Isis
ENFIN une histoire intéressante.
Après des albums qui traînaient en longueur et rallongeaient cette histoire de Mages Rouges… ENFIN quelque chose de potable.
Pour commencer, je citerai un message de l'utilisateur du forume nommé "marque" : "Dorison réussit le pari de rester cohérent avec les albums précédents, en se débarrassant de toutes les scories, voire fardeaux qui encombraient l’intrigue depuis plusieurs épisodes, tout en redonnant une réelle épaisseurs aux personnages, dans une histoire pleine d’action". Ce message résume parfaitement mon point de vue.
Un des détails qui me manquait dans les derniers tomes, c’était des personnages avec du relief. Dorison réussit à s’approprier toute la ribambelle pondue par Sente et à en faire quelque chose de bien. Ici, tous les personnages ont enfin leur petit moment de gloire… même des secondaires tels que Alad ou Bohr ont droit à des lignes de dialogue qui les définissent et dépeignent quelque peu leurs motivations. Magon, enfin, ressemble à quelque chose. Il aime Aniel, il a des sentiments, il existe.
Tous les personnages, ici, ont finit par exister.
On donne enfin une explication concernant le personnage de Salouma, en montrant qu’il y a des raisons derrière son comportement erratique. Après des années à se balader de tome en tome sans rien comprendre à ce qui se passait, Dorison nous offre des explications sur sa personnalité.
Mais il y avait d’autres personnages, trop de personnages, et il fallait faire du nettoyage. Et même là, Dorison réussit à que ce nettoyage ait du sens et aille plus loin que celui du simple peloton d’exécution. Le calife, sa femme et le Wazir sont exécutés dans une scène terrible, mais émotionnelle, qui nous rappelle qu’il s’agit là d’êtres humains. Et de plus, la scène permet de nous dépeindre ce qu’est devenu Aniel.

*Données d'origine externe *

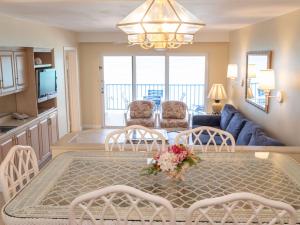 een keuken en een woonkamer met een tafel en stoelen bij Paradise Island Beach Club Ocean View Villas in Creek Village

Et Thorgal, bon sang, Thorgal qui revient enfin ! Pour mieux en parler, je citerai l'utilisatrice du forum nommée "Elleana" : "Je trouve que Dorison a bien mieux compris la saga Thorgal que son prédécesseur Sente, qui, à mon sens, a terriblement gâché la série. Dorison reprend les thèmes forts que j’apprécie : un Thorgal au cœur de l’action, dépassé par les évènements extérieurs mais s’efforçant courageusement de respecter ses principes, une aventure familiale avec une relation père-fils compliquée mais pleine d’amour, un rythme rapide avec des dialogues réduits au strict nécessaire. J’aime le fait que Thorgal ne soit pas une marionnette sans personnalité comme dans le précédent album, mais qu’il réfléchisse, cherche des solutions, essaie de comprendre les motivations de son fils, fasse des propositions pleine de bon sens."
Ainsi Thorgal, que l’on avait perdu, revit enfin après une léthargie trop longue. Il revient à ses fondamentaux, la famille. Et sa relation avec Aniel, au centre de cet album, est très intéressante.

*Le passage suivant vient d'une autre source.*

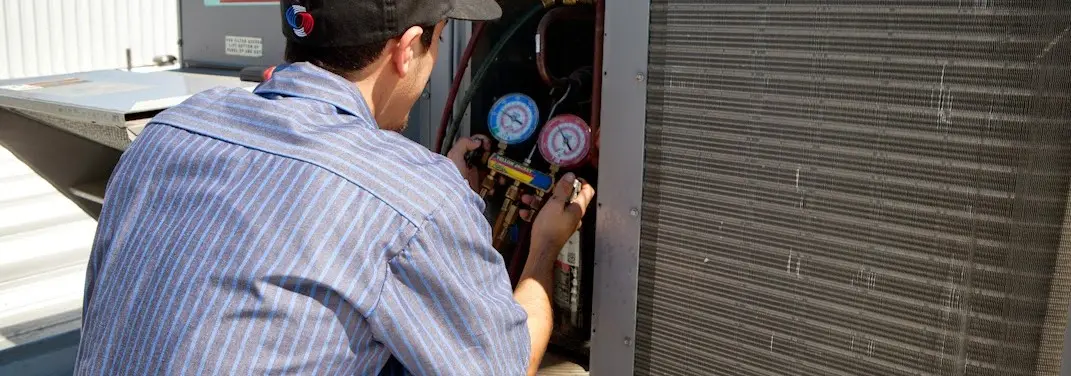 HVAC technician servicing a condenser unit in Lochearn
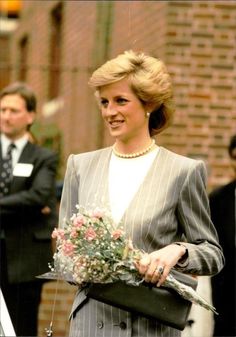 a woman in a suit holding a bouquet of flowers while standing next to other people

J’ai d’ailleurs bien aimé le parallèle avec « L’île des enfants perdus ». Je trouve que c’est une excellente idée de lier ainsi les 2 cycles. Au lieu de les lier par le scénario (ce qui peut perdre les lecteurs qui ne lisent qu’un seul cycle), on les lie par leurs motifs, leur enjeux, leur symbolique. Les parents d’Aniel sont confrontés à leur façon de concevoir la paternité. Chacun des deux est face a un enfant qui éveille en eux des émotions.
Le parallèle entre Magon et Osian me semble aussi bien particulier. Ils éprouvent de l’amour pour l’enfant qui est à leur charge. Et ils se sacrifient tout les deux pour cet enfant. Mais alors qu’Osian se sacrifie uniquement pour sauver Erwin, Magon le fait pour transformer Aniel en machine à tuer. Et ironiquement, Osian n’aura pas réussi à sauver Erwin, alors que Aniel, lui, a survécu.
En définitive, ce n'est pas le meilleur album de la série Thorgal, non. Mais le scénario de cet album est un travail d'orfèvre : Dorison reprend une trame scénaristique dont il n'a pas écrit le début et s'efforce de travailler avec tous les éléments qu'il a entre les mains pour proposer un scénario cohérent et des personnages forts. Et pour ce tour de force, je lui met la note maximale. Non, ce n'est pas le meilleur Thorgal, mais il mérite une reconnaissance.